═══ EXTRACTED RECORDS

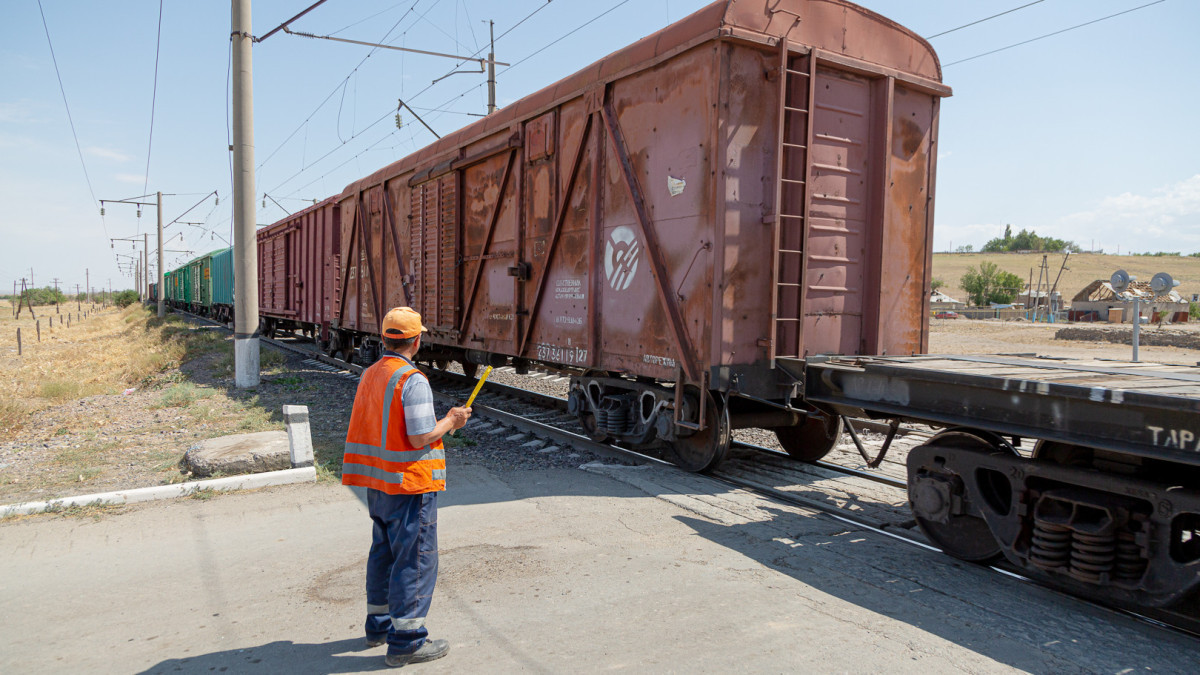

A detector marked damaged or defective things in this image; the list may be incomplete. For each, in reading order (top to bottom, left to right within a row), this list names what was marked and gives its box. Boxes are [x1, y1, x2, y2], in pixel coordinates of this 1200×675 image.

rusty brown boxcar [256, 195, 343, 345]
rusty brown boxcar [328, 0, 945, 468]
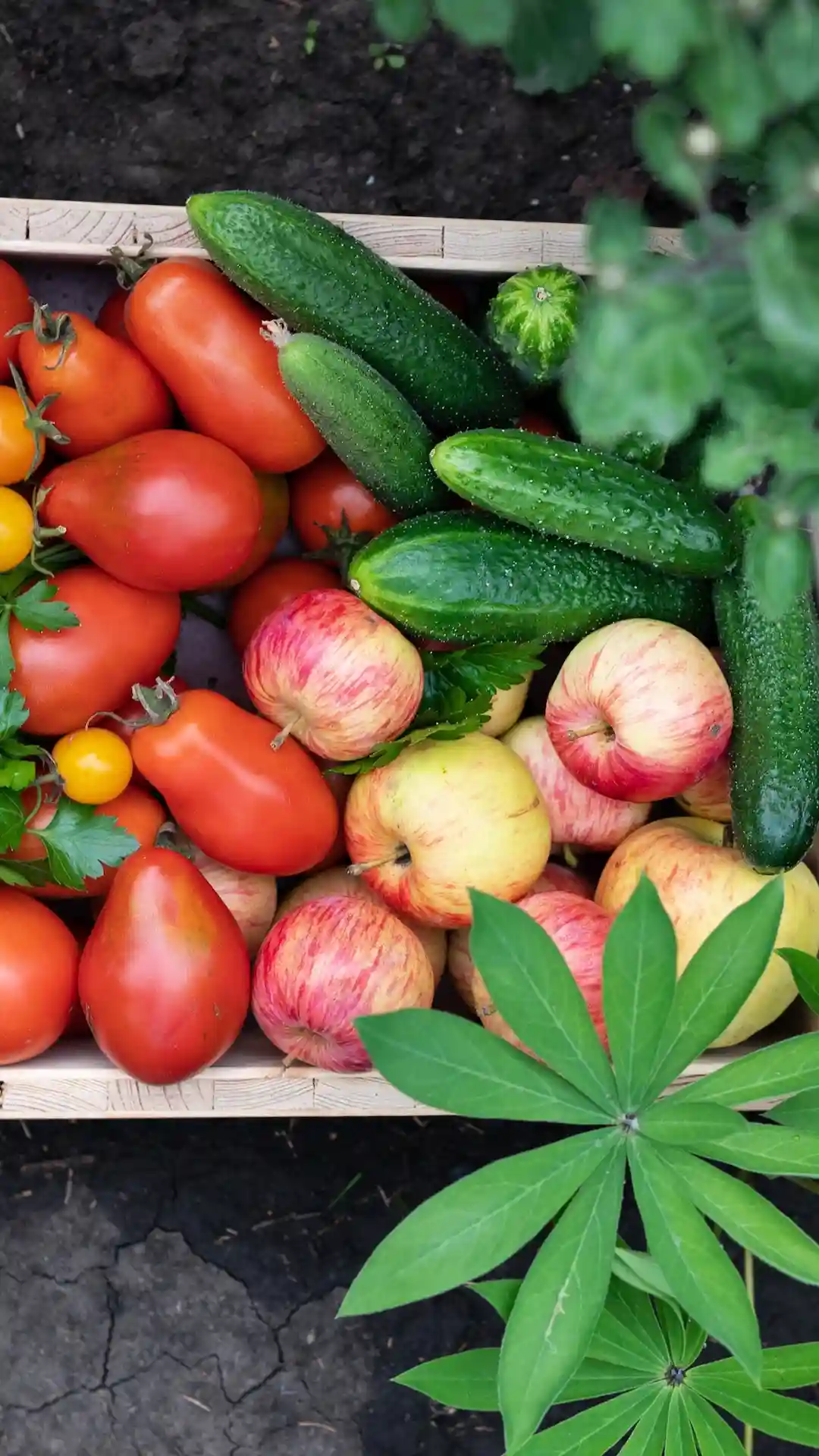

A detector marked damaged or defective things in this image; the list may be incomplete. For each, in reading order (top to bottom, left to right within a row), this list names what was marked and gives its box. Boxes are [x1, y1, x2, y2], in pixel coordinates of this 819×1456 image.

cracked pavement [0, 1122, 813, 1450]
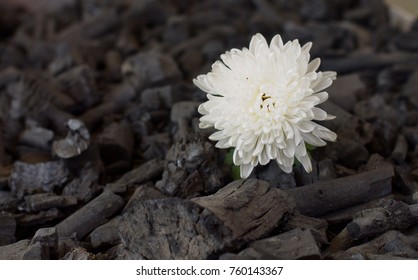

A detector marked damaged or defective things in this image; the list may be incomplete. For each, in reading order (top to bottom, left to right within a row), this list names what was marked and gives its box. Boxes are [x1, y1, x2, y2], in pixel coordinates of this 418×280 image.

burnt wood fragment [56, 190, 124, 238]
burnt wood fragment [284, 166, 396, 217]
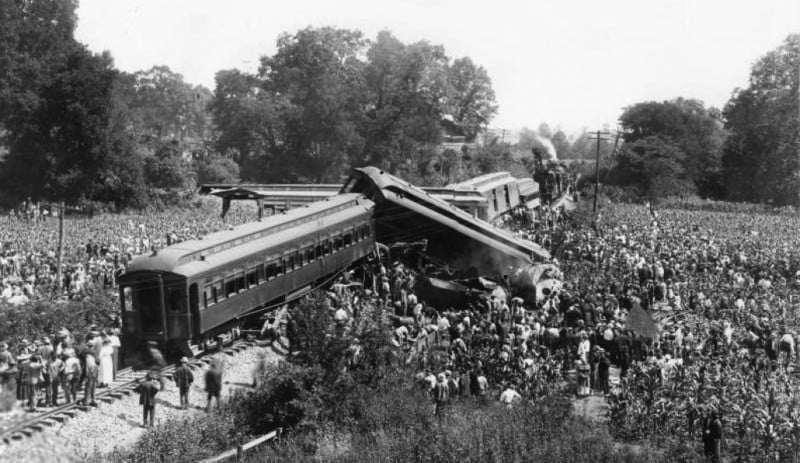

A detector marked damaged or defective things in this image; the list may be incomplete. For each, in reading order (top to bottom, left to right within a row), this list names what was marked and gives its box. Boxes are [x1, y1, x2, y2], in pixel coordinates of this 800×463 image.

wrecked train car [338, 168, 552, 280]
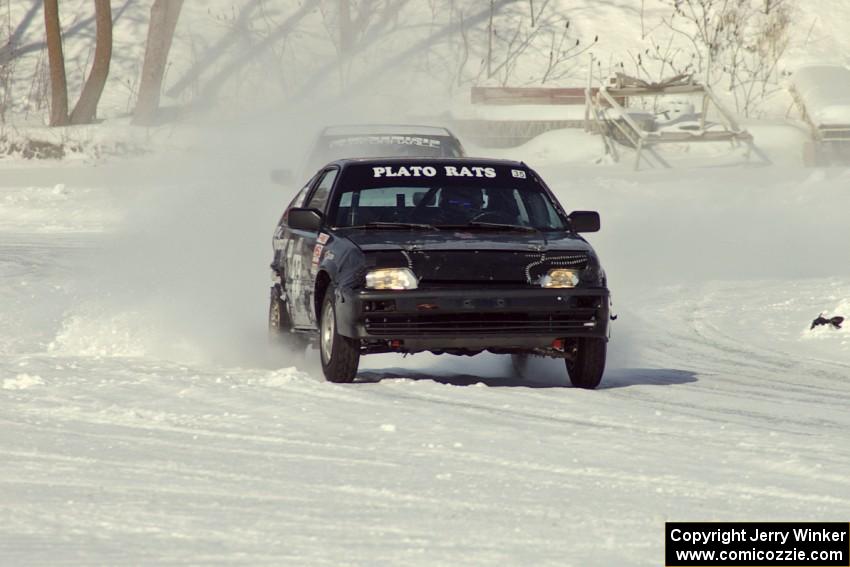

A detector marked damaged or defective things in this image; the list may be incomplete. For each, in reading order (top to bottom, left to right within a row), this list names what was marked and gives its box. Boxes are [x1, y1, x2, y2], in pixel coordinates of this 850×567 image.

car body damage [268, 158, 608, 388]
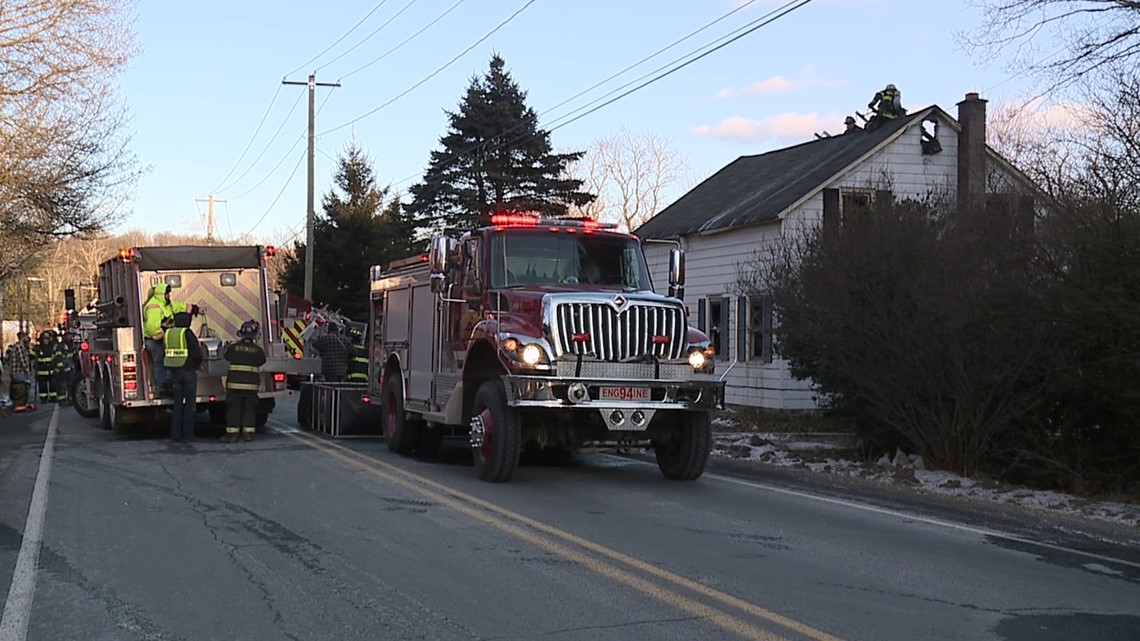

══════

* _YOUR OBJECTIVE_
When you reach the line that contains "this 418×280 image." in the records above, copy it and every line after it exactly through the last one, leaving out the pictures.

* _TASK ANSWER_
A detector marked damaged or defective things in this image; the list may be incomplete. For each, in reading order (top to bottom, left to right within a row), this list names what was marked and gives its box. Boxes are [x1, y1, x2, y2], in pixel coordinates of this 418×280 image.

burnt wood fragment [56, 190, 124, 238]
burnt wood fragment [284, 166, 396, 217]

A detector marked damaged or defective things in this image; the list may be incomplete. For each, in reading order (top to bottom, left to right within a row), this list names what was marked and gives its box. Boxes are [x1, y1, x2, y2], in pixel coordinates of this 800×463 image.

wrecked train car [338, 168, 552, 280]

A detector marked damaged or defective things in this image; the list may be incomplete. For each, in reading order (top to bottom, left to right within a row), this list names what was marked and gives its box. Boxes are [x1, y1, x2, y2], in pixel coordinates of this 850×567 image.

car body damage [268, 158, 608, 388]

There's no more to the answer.